---------- Data excerpt

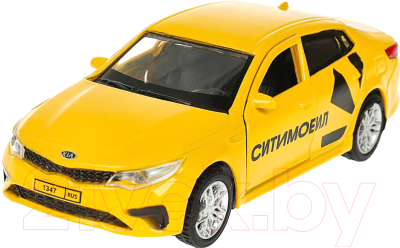 Автомобиль игрушечный Технопарк Ситимобил / OPTIMA-12TAX-CITI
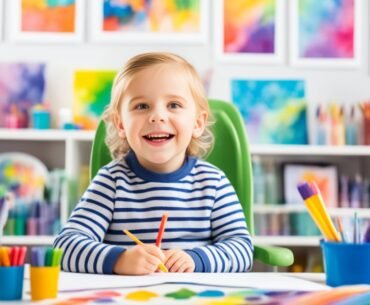 Art Therapy for Children With Anxiety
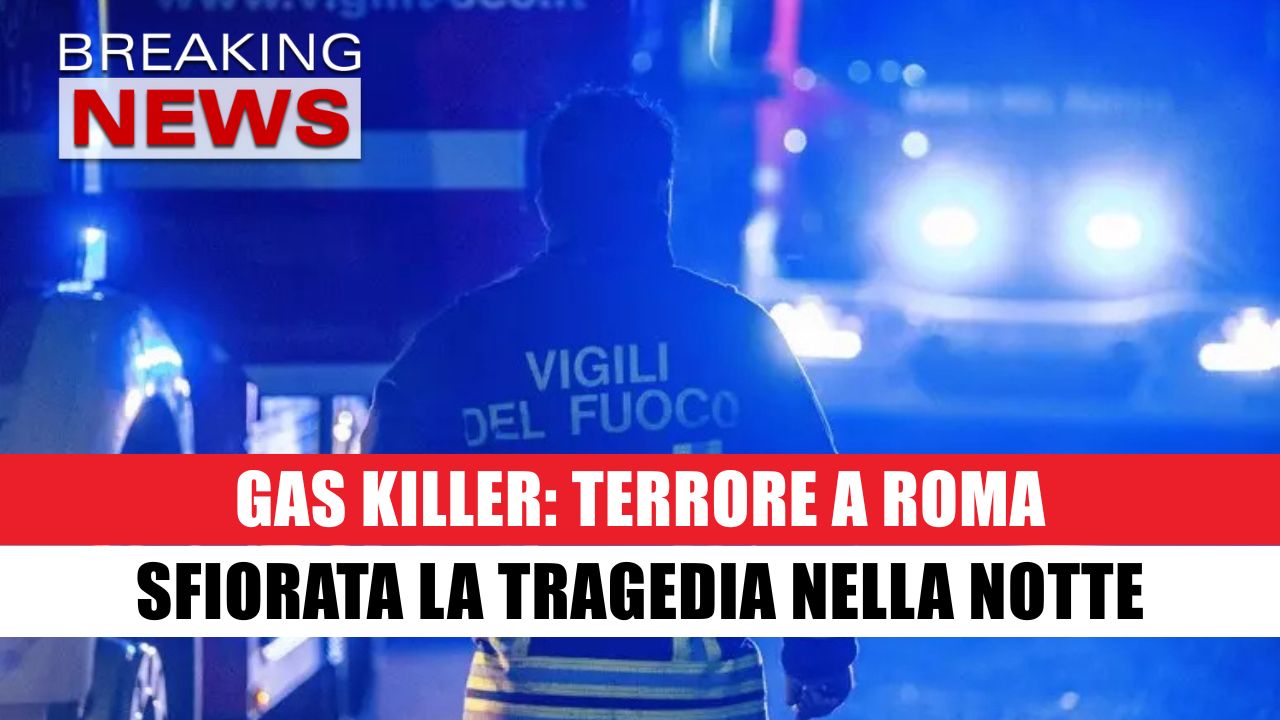 Gas killer, notte di terrore a Roma: sfiorata la tragedia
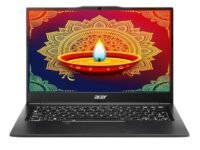 acer TravelLite Smart FHD TL04-51M Laptop, Intel Core i5 1334u 13th Gen 8 Core with 8GB Ram / 512GB NVMe SSD/Intel Iris Xe Graphics/Windows 11/14 Inch / 3 Year Brand Warranty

--------------------

* What to work on *
Leave the images out as you retype each line of the material exactly.

* Reply to the task *
 Автомобиль игрушечный Технопарк Ситимобил / OPTIMA-12TAX-CITI
 Art Therapy for Children With Anxiety
 Gas killer, notte di terrore a Roma: sfiorata la tragedia
 acer TravelLite Smart FHD TL04-51M Laptop, Intel Core i5 1334u 13th Gen 8 Core with 8GB Ram / 512GB NVMe SSD/Intel Iris Xe Graphics/Windows 11/14 Inch / 3 Year Brand Warranty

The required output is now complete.